Niemal dokładnie siedem lat później mecz na stadionie Puszczy rozpoczął się od wdzięcznych okrzyków dzieci: „Michał Pazdan, Michał Pazdan!”. I choć nie był to mecz o stawkę, ludzi też przyszło naprawdę sporo. Część pewnie z ciekawości, żeby zobaczyć właśnie Pazdana - debiutującego w barwach Wieczystej, w konfrontacji z Puszczą. Dla której był to pierwszy występ na swoim stadionie po tym, jak wywalczyła awans do ekstraklasy.
Trener Tomasz Tułacz sprawdzał w tym meczu piłkarza z Mali, kiedyś młodzieżowego reprezentanta kraju. Dziś Mamady Diarra, skrzydłowy, ma 24 lata, w ostatnich latach był zawodnikiem Cadizu. I w tym sezonie, w sierpniu 2022, zagrał nawet w dwóch meczach La Liga. Potem występował w zespole rezerw.
Wysuniętym napastnikiem Puszczy przed przerwą był natomiast Jakub Seweryn. 20-latek z Wiślan Jaśkowice, w minionym sezonie król strzelców małopolskiej IV ligi. Piłkarz sporo potrenował teraz z niepołomicką drużyną, więc szkoleniowiec „Żubrów” dużo już wie o jego umiejętnościach.
Na lewej obronie znów testowany był Ante Vrljicak, w środku pomocy Władysław Rosljakow. Obaj grali ostatnio w niższych ligach. Losy Vrljicaka w Puszczy mogą być uzależnione od tego, czy w klubie pozostanie Roman Jakuba. A Ukrainiec, zawodnik łotewskiej Valmiery, znów jest w Niepołomicach i jest duża szansa, że tu zostanie.
Sparing mocniej zaczęła Wieczysta, to ona przez dobre pół godziny bardziej naciskała. Gola mógł strzelił Przemysław Bargiel – jego uderzenie z 14 m obronił Krzysztof Wróblewski, potem w świetnej sytuacj iza wysoko kopnął piłkę Dawid Kiedrowicz. Gospodarze pod koniec I połowy stali się aktywniejsi, a najbliższy celnego strzału był Konrad Stępień.

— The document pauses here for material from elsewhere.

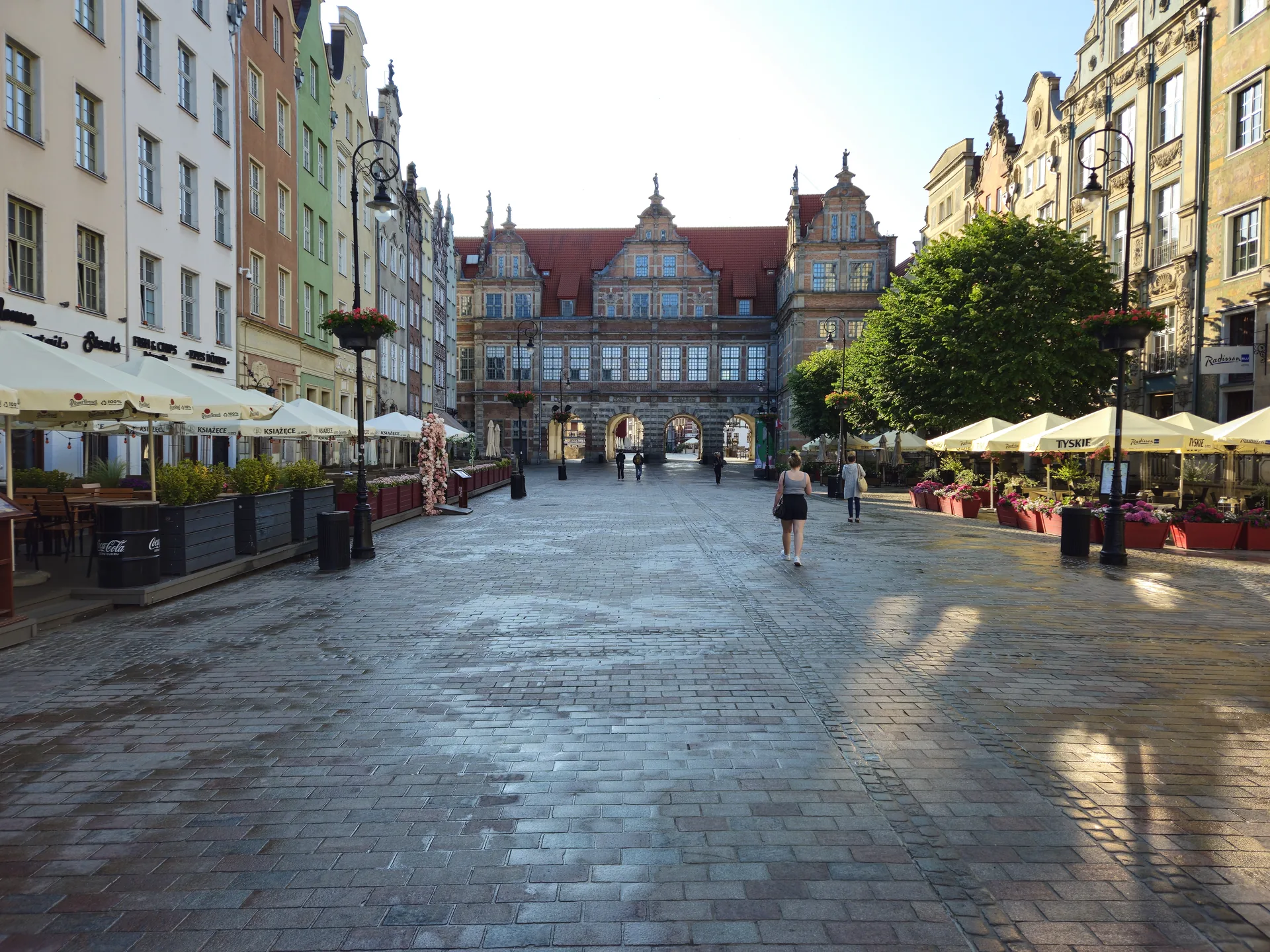 Danzigs Langer Markt mit historischen Fassaden und dem Grünen Tor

Po przerwie w Puszczy na boisku zostali tylko Michał Koj, Dominik Frelek i Vrljicak, w Wieczystej - jedynie Denys Faworow. U gospodarzy pojawili się kolejni testowani i młodzież, w końcu na godz. 17.30 dzisiaj Puszcza ma zaplanowany kolejny sparing, z Hapoelem Beer Szewa. W Wieczystej ledwie chwilę pograł natomiast Patrik Misak, musiały pojawić się jakieś dolegliwości.
W 65 min było blisko, bardzo blisko gola dla krakowian. Po rozegraniu rzutu wolnego strzelał Manuel Torres, piłka trafiła w słupek, czaił się pod bramką Denys Faworow, ale obrońca nie pozwolił mu na dobitkę. W 81 min po "główce" Macieja Jankowskiego znaomicie interweniował 18-letni bramkarz "Żubrów" Kacper Piechota.

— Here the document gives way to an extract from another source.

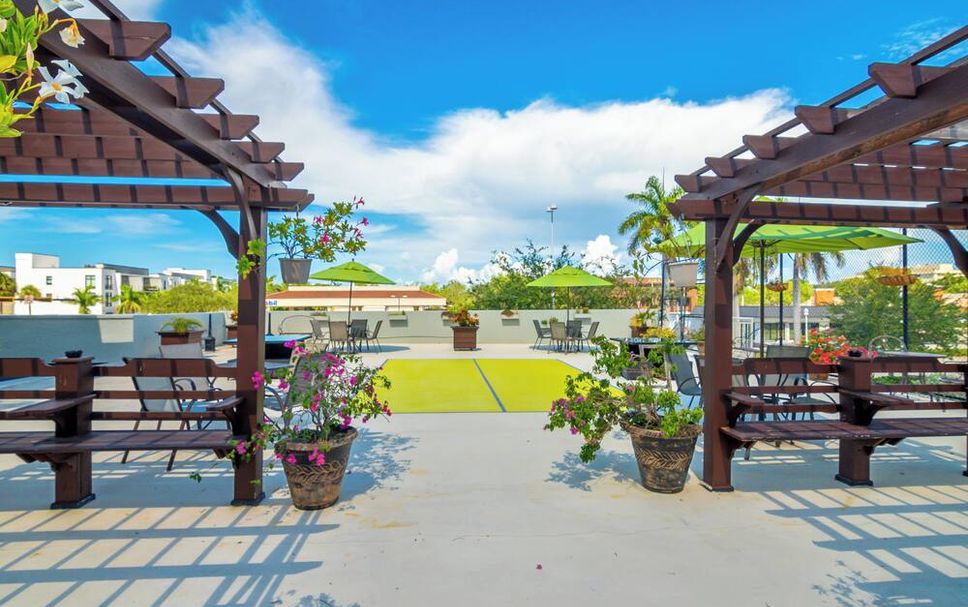 Patio Gambar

Puszcza Niepołomice – Wieczysta Kraków 0:0
Puszcza: Wróblewski – Pięczek, Stępień, Koj, Vrljicak – Diarra, Hajda, Rosljakow, Frelek, Tomalski – Seweryn; w II połowie zagrali: Piechota - Gruszecki, Pasternak, Koj, Vrljicak - Thiakane, Stec, Frelek, Śliwa, testowany - testowany.
Wieczysta: Sapielak - Bąk, Faworow, Pazdan, Kumah - Danielak, Łysiak, Sławczew, Bargiel, Kiedrowicz – Fidziukiewicz; II połowa: Sapielak - Asmelash, Faworow, Rygiel, Klimczak - Torres, Pakulski, Pietras, Misak (50 Głogowski), Kapek - Jankowski.
Sędziował: Sebastian Krasny (Kraków). Widzów: 500.